(Beginning of DATASET CONTENT)

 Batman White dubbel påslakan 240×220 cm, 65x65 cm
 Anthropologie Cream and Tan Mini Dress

(End of DATASET CONTENT)
(Beginning of DATASET CONTENT)

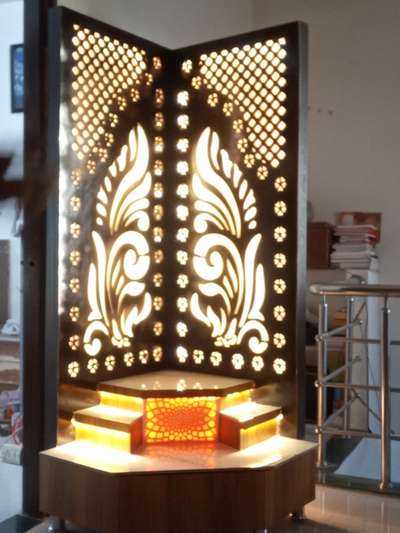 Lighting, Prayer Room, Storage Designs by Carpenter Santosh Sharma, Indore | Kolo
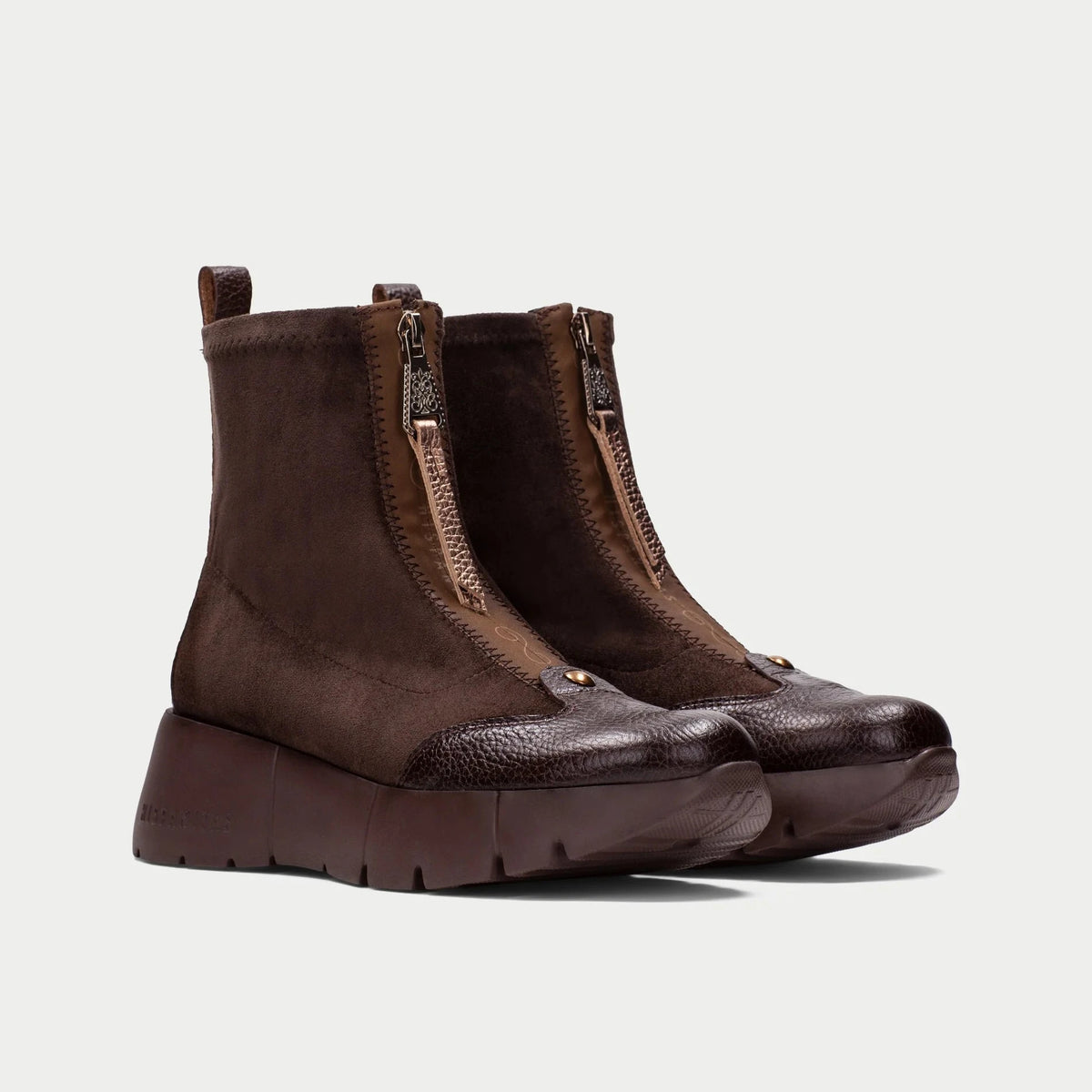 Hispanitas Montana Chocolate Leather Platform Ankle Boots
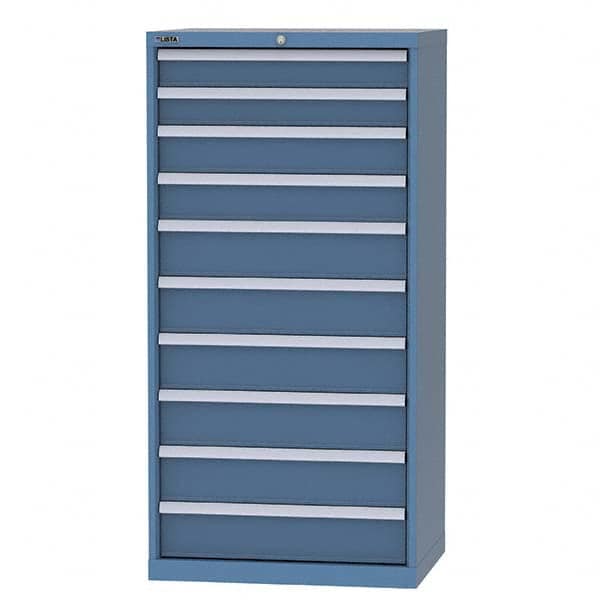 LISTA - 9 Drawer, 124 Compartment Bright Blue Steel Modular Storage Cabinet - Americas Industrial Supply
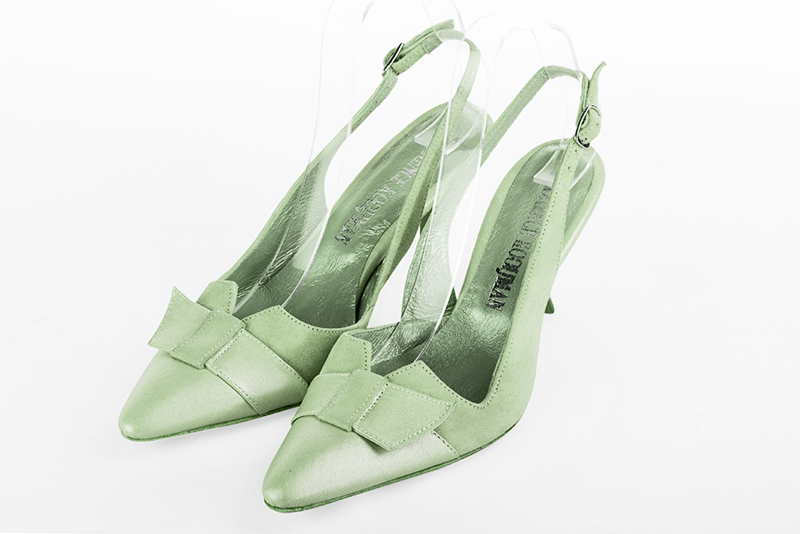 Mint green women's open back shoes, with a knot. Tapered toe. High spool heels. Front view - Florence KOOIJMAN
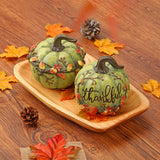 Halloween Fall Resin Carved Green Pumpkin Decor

(End of DATASET CONTENT)

- **TASK**: Going back to the data above, write out everything from the line with "Mint green women's" down to the line with "Halloween Fall Resin", both included, leaving every picture out.

- **SOLUTION BELOW**:
 Mint green women's open back shoes, with a knot. Tapered toe. High spool heels. Front view - Florence KOOIJMAN
 Halloween Fall Resin Carved Green Pumpkin Decor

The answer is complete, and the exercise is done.